Said one visitor from Los Angeles, who had managed to breakfast on a symphony concert, lunch on T. S. Eliot’s new play, The Cocktail Party (see THEATER), and sup on Verdi’s A Masked Ball: “I feel as if I had eaten too much plum pudding. But the awful thing is I want more.”

Last week the first of some 60.000 other visitors—Danes on their bikes, Hollanders in hobnailed boots, American girls in nylon dresses—were” also gorging themselves on musical goodies as long as they could stay at the table. With a swirl and a flourish down the Royal Mile, Edinburgh’s third and already famed International Festival of Music and Drama was under way.

No Obedience. For an opening appetizer, shrewd Manager Rudolf Bing (who will get a chance to demonstrate his shrewdness as manager of Manhattan’s Metropolitan Opera next year) served up one dish that is always good for a gander.

Able, splenetic Sir Thomas Beecham had once disdained the Scots as “damned fools to throw away £60,000 on a festival.” But on opening night, before a jammed audience in Usher Hall, he was right there, ready, and with Franck, Sibelius, Brahms and Berlioz, he put on as good a show as ever. When he waved the men of his Royal Philharmonic to their feet on the fourth curtain call, they sat still; he howled at them in mock fury, then turned to the delighted audience: “You have observed, ladies and gentlemen, that this orchestra has every sort of virtue but one—obedience.”

No Stranger. Rudi Bing had other tempting dishes on his menu. While some visitors trudged through grey Edinburgh Castle and peered into ancient Holyrood House, others queued up for tickets for the Busch and Griller quartets and the festival favorite, The Three Estates (TIME, Sept. 20, 1948), the Glyndebourne operas (Mozart’s COST fan Tutte, Verdi’s A Masked Ball) were already sold out, except for the £2 seats, which were too expensive for the British.

Other eagerly awaited festival newcomers were Berlin’s famed Philharmonic and one of the men who would conduct it. Globe-trotting Eugene Goossens was no stranger to Britain;* he was born there, and had conducted many an opera, ballet and concert there over the years. But some festival visitors knew him more recently as the man who had led the Cincinnati Symphony for 16 years, then left the lush musical pastures of the U.S. two years ago to pioneer in the musical wilderness of Australia.

He had set out to make his Sydney Symphony Orchestra “one of the first five or six in the world.” He had succeeded, at least for Australian critics.

“Much Boomerang.” At week’s end, British critics found Goossens a man who “gives an impression of almost frightening efficiency,” although they found his Berliners, by comparison with Beecham’s Royal Philharmonic, slightly drab. Some found fault with his Mozart “Jupiter” (too dull). But after Roy Harris’ brassy Third Symphony and Goossens’ own Oboe Concerto (written for and played by his brother, the great oboist Leon Goossens), they had to admit that “the results [of his efficiency] certainly [were] confirmed a hundredfold.”

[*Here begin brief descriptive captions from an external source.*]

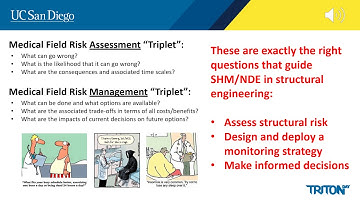 Structural Engineering Focus Sequence: Structural Health Monitoring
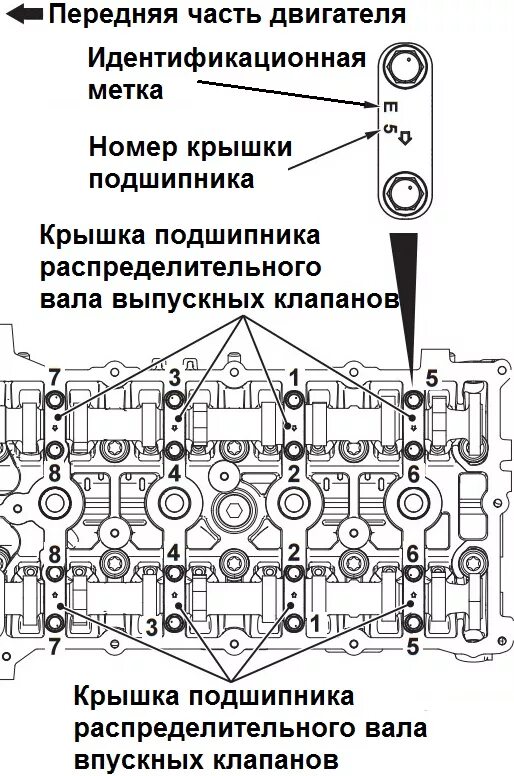 Порядок и момент затяжки распредвала Проверка масляного зазора распределительных валов двигателя 4B12 Citroen C-Cross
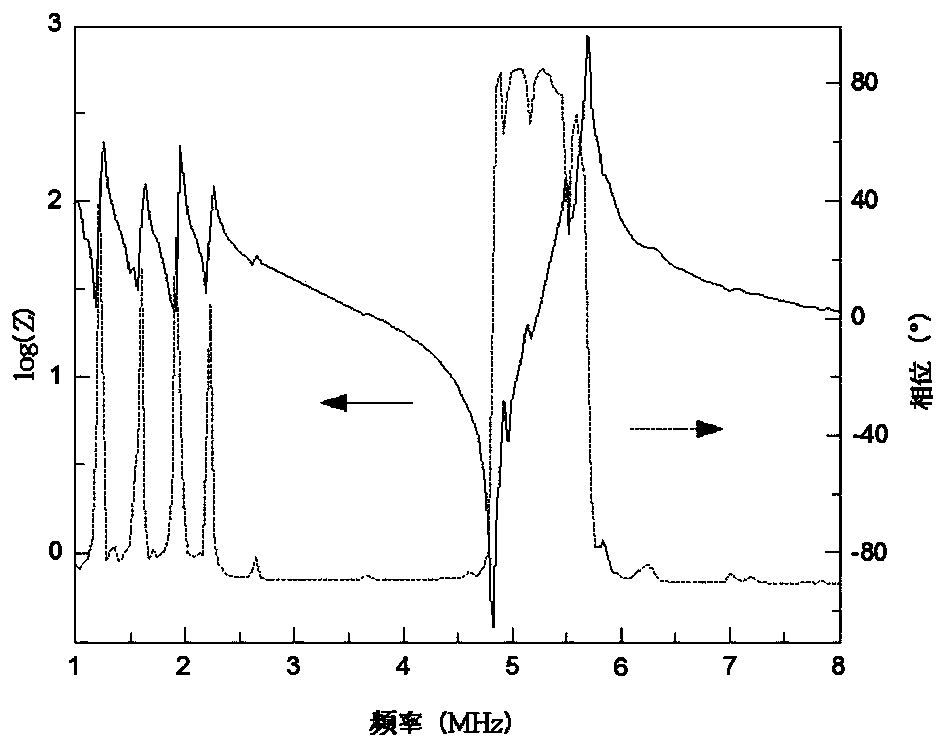 High-sensitivity and large-area laser ultrasound imaging method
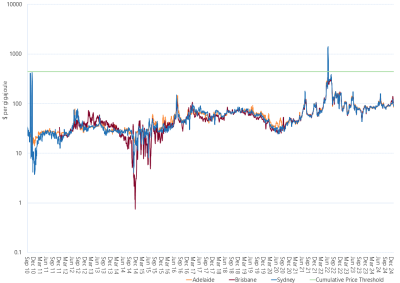 Line graph of cumulative price in each Short Term Trading Market hub as described above. See the CSV below for data.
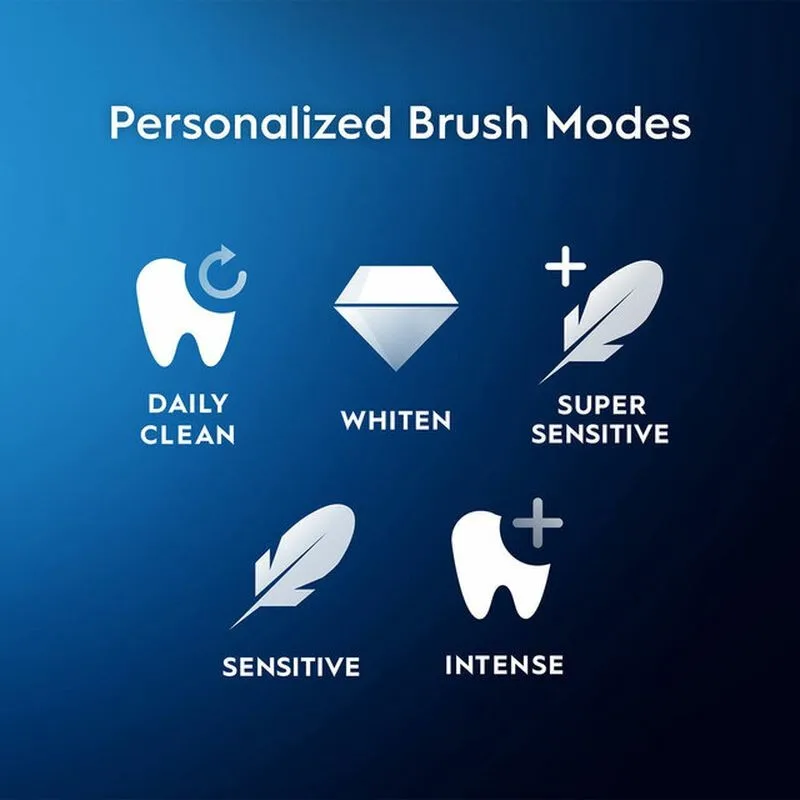 Oral-B iO 5 Electric Toothbrush Rechargeable 3D Teeth Whitening Smart 5 Modes Ultimate Clean Replacement Brush Head Travel Case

Biggest hit was a piece Goossens had brought with him, “a piece … for Australia to be proud of.” Concertgoers got a kick out of the program notes of John Antill’s ballet suite Corroboree (aborigine for get-together): “Much usage of boomerang, spear and fire sticks.” But its savage and original rhythms and percussive effects excited them to an ovation when it was over, though a member of the orchestra said, “From within, it sounds only like noise.”

*And no stranger to 20 of the Berlin Philharmonic’s older musicians; he had been the first foreigner to conduct them after World War I.